Figure 7. TLR4 and TLR6 deficiency attenuate activation of coagulation in hypercholesterolemic mice.

Ldlr^–/–Tlr4^+/+ (chow, n = 6; HFD, n = 10), Ldlr^–/–Tlr4^–/– (chow, n = 8; HFD, n = 26), Ldlr^–/–Tlr6^+/+ (chow and HFD, n = 7), and Ldlr^–/–Tlr6^–/– (chow, n = 6; HFD, n = 13) mice were fed either a chow diet or HFD for 12 weeks. (A) MP TF activity, (B) TAT, (C) D-dimer, and (D) IL-6. Histobars represent mean ± SEM. *P < 0.001, Tlr4^+/+ or Tlr6^+/+ versus other groups; ^#P < 0.001, Tlr4^–/– or Tlr6^–/– HFD versus Tlr4^+/+ or Tlr6^+/+ HFD. Data were analyzed with 2-way ANOVA with a Holm-Sidak post hoc test.

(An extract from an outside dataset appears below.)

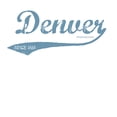 thumbnail image 2 of CafePress - Denver Since 1858 Infant Bodysuit - Baby Light Bodysuit, Size Newborn - 24 Months, 2 of 4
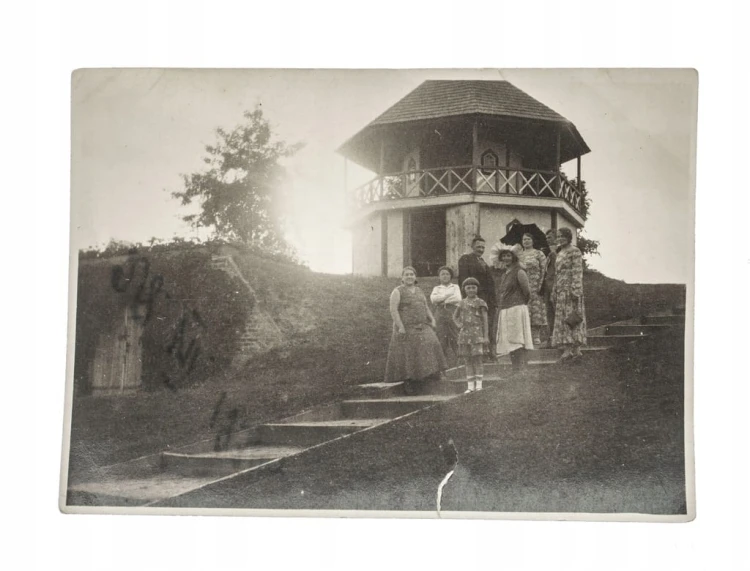 STARA FOTOGRAFIA ZDJĘCIE RODZINNE 1932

Figure 8. Simvastatin attenuates activation of coagulation in hypercholesterolemic monkeys.

African green monkeys were switched from a chow diet (0 weeks) to a HFD for 16 weeks before being fed a HFD containing simvastatin (10 mg/kg/d) for an additional 4 weeks (20 weeks total). Blood samples were collected at 0–20 weeks. (A) oxLDL, (B) MP TF activity, (C) TAT, (D) D-dimer, (E) hsCRP, (F) IL-8, (G) PS⁺ MPs, and (H) number of particles were measured. Histobars represent mean ± SEM of 12 monkeys. *P < 0.05, HFD versus chow; ^#P < 0.001, simvastatin treated versus 16 weeks. Data were analyzed with either 1-way ANOVA with a Holm-Sidak post hoc (A–C, E, and F) or 1-way ANOVA on ranks (D, G, and H).

Figure 9. Proposed sites of action of simvastatin that reduce TF expression and activation of coagulation during hypercholesterolemia.

In humans, but not mice or monkeys, statins reduce plasma cholesterol levels. In addition, our results indicate that simvastatin reduces activation of coagulation by inhibiting the oxidation of LDL, inhibiting the expression of the CD36/TLR4/TLR6 complex, and inhibiting monocyte TF expression and the release of TF⁺ MPs.